Records provided:
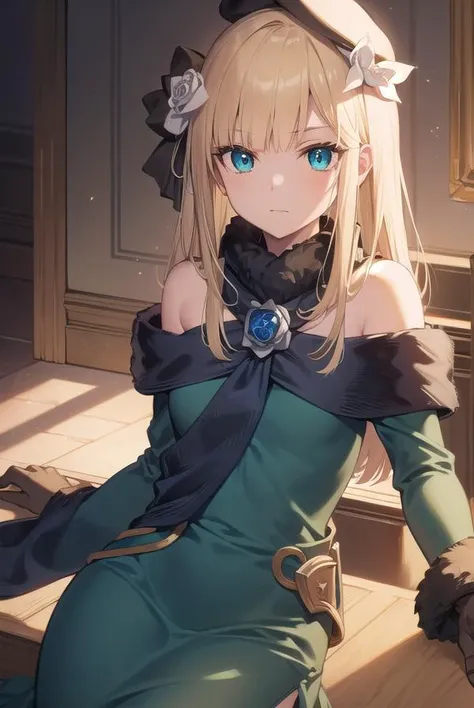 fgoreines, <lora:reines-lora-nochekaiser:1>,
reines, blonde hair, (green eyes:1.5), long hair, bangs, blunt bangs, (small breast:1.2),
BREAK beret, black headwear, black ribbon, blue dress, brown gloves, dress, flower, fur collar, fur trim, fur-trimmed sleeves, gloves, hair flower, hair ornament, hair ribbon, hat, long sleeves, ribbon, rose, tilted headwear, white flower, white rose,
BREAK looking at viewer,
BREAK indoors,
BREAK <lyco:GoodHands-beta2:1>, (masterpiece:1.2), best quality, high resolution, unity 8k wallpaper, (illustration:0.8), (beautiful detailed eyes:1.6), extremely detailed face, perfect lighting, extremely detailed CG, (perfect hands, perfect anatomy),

--

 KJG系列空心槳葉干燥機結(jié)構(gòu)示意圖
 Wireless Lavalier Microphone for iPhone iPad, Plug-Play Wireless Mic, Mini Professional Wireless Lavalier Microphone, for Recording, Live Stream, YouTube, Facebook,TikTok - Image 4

--

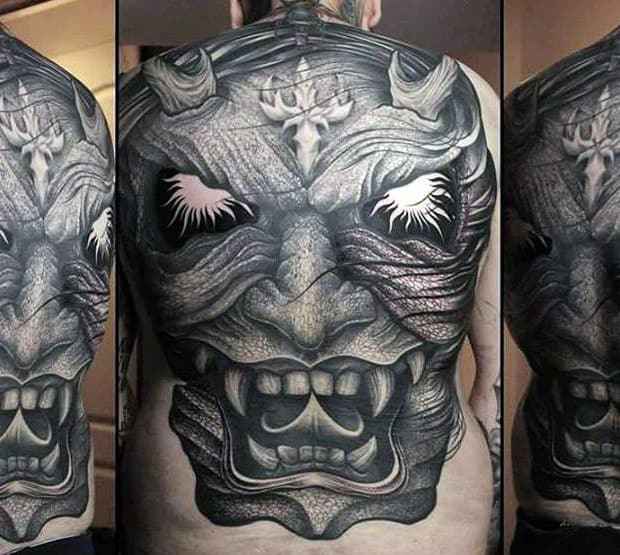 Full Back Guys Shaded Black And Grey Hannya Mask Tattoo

What to work on: Only a number is wanted here. How many lines in the material contain "long"?

Solution for this problem: 2